Don’t laugh! Bit serial machines used an amazingly low number of flip-flops (less than twenty in the case of the LGP-30). Most of the logic was done using diode-resistor AND and OR logic plus an occassional invertor. Flip-flops provided as many of the inverted signals as possible to cut down on transistors. Several of the first transistor computers built had less than a hundred transistors.
The 2N2/256 name is a nod to ham homebrewer Jim Kortge (K8IQY) who designed a QRP rig called the 2N2/40 for a design contest about ten years ago. The contest objective was to design and build a functional amateur radio transceiver, using a maximum of 22, 2N2222 type transistors. My long-term challenge is to build a complete functional computer, including memory, using no more than 256 2N2222-ish transistors. Of course there will be a pile of si diodes, resistors and capacitors involved, but the idea is to keep the number of active components down -- if only so this beast will fit in the boot of my car! Toward that end, I am building everything to fit in 350mm cube modules.
I've scavenged the web for information on bit-serial magnetic drum/disk machines of the Elder Years, and I think I have a pretty good notion of how they worked (mostly very slowly). What I haven't been able to get a handle on (yet) is how to make a serviceable magnetic drum/disk.
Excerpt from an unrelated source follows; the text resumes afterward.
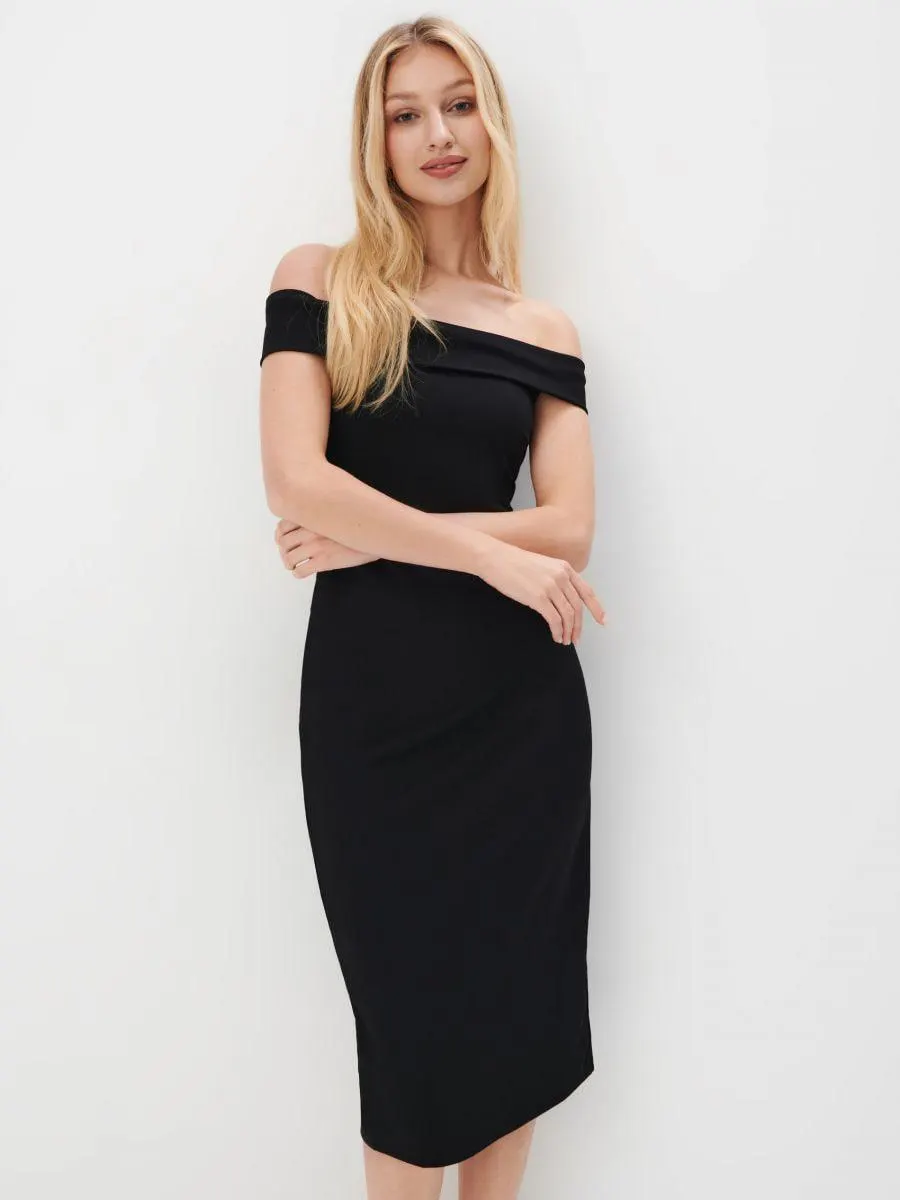 Midi šaty s odhalenými rameny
To get things going I reckon I’ll emulate the drum with some CMOS shift registers so I don't have to debug both the logic and the magnetic read/write electronics at the same time.
That leaves the CPU. So, this month my goal is to build enough flip-flops and logic to implement a basic 16-bit ALU with 2's complement arithmetic and logical functions. This in itself wouldn’t be much more than a weekend project but for the fact that everything has to be done bit-serially!